# Zulip Chat Archive

## Stream: general

### Topic: De Morgan's Proof

#### Stephanie Wang (Dec 13 2018 at 21:35):

I'm new to Lean, can someone help me out with this proof of this version of De Morgan's Law? I'm having trouble coming up with the forward proof

theorem demorgans_law : ¬(p ∨ q) ↔ ¬p ∧ ¬q := iff.intro( -- ) ( assume h : ¬p ∧ ¬q, not_or h.left h.right )

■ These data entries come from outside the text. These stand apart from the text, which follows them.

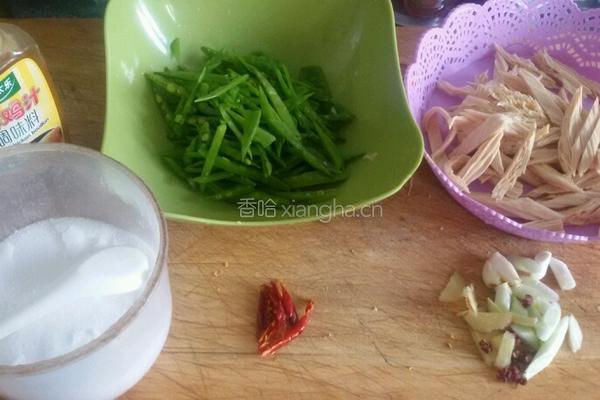 荷兰豆拌腐竹的做法图解1
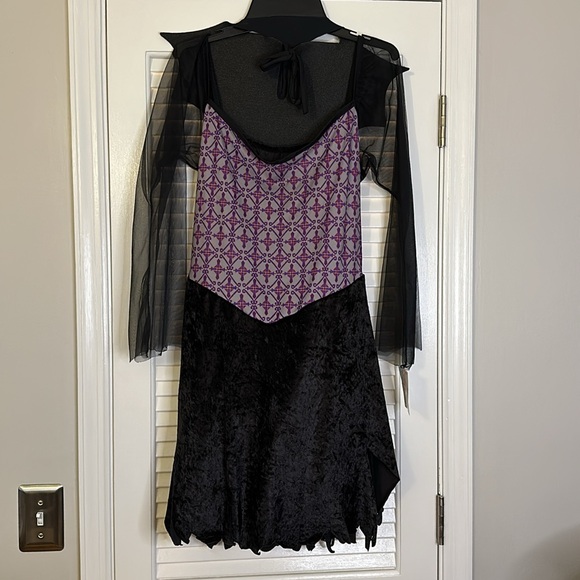 Gothic Priestess Halloween Costume - Picture 3 of 4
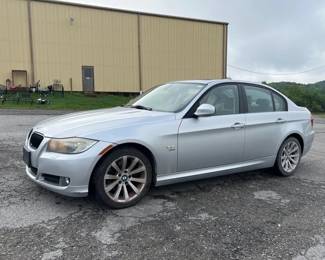 2011 BMW 281 3 SERIES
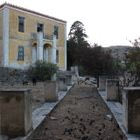 Τα νεοκλασικά της Σύρου εκπέμπουν ακόμη SOS
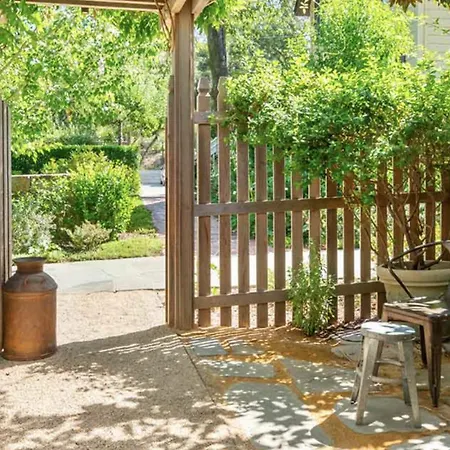 Farmhouse Inn-3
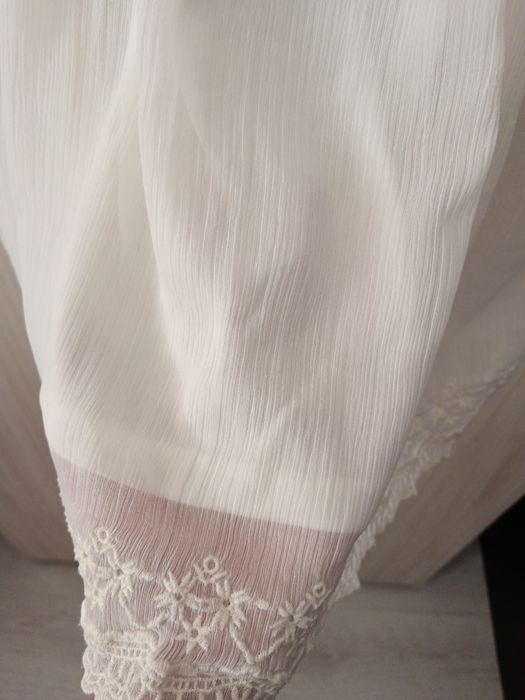 Бяла ефирна тюлена рокля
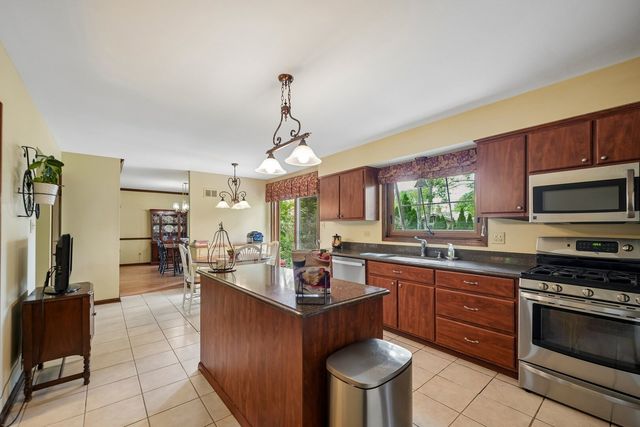 737 Clovetree Court, Naperville, IL 60540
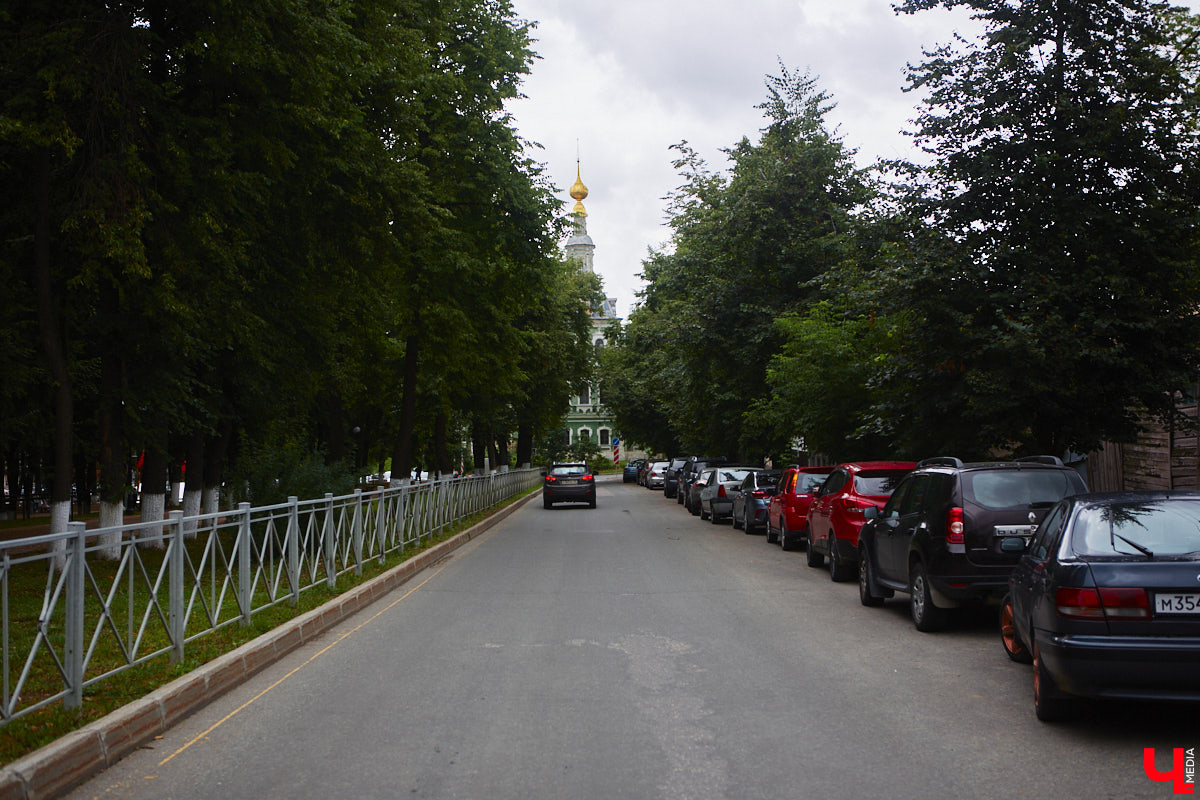 Во Владимире хотят создать почти 900 платных парковочных мест. А как у нас обстоят дела с бесплатными? Найти стоянку в центре — задача не из простых. Но если постараться, то вполне реально. «Ключ-Медиа» задался этой целью и готов поделиться с вами, где сейчас можно оставить автомобиль, не заплатив ни рубля.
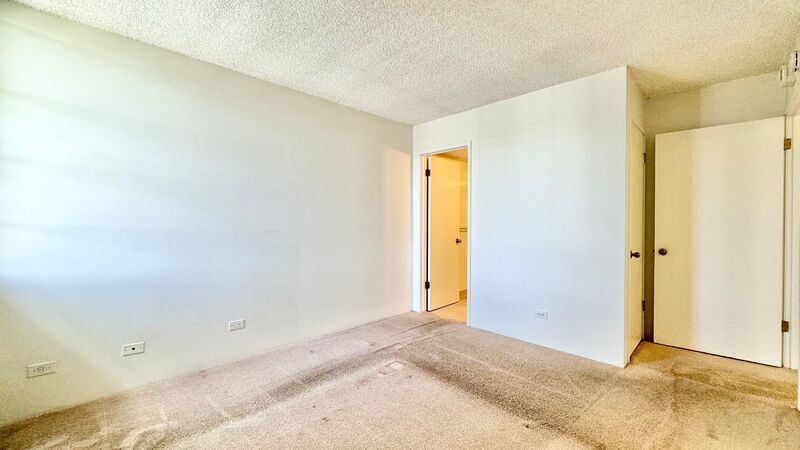 CENTURY WEST 2 BED 2 BATH UNIT WITH 2 PARKING STALLS IN SALT LAKE! property image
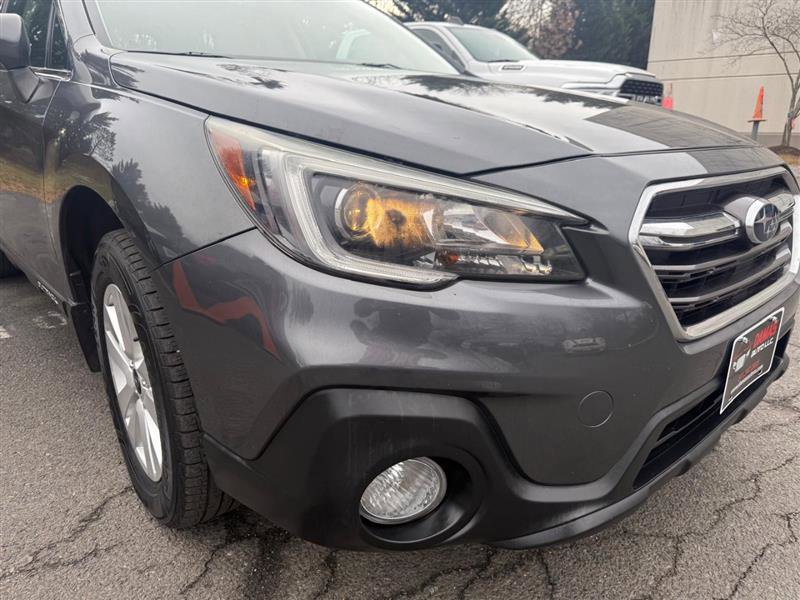 Used 2019 Subaru Outback 2.5i Premium image 3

#### Kevin Buzzard (Dec 13 2018 at 21:39):

I'd start like this:

theorem demorgans_law (p q : Prop) : ¬(p ∨ q) ↔ ¬p ∧ ¬q := iff.intro( λ h,⟨_,_⟩ ) ( assume h : ¬p ∧ ¬q, not_or h.left h.right )

#### Kevin Buzzard (Dec 13 2018 at 21:40):

and there is a red error on each of the _'s. I'd then try and figure out how to solve them. Actually, I'm a mathematician, so really I'd go straight into tactic mode...

#### Kevin Buzzard (Dec 13 2018 at 21:41):

Ok so I can do it but it might look incomprehensible. Do you just want a solution or a hint?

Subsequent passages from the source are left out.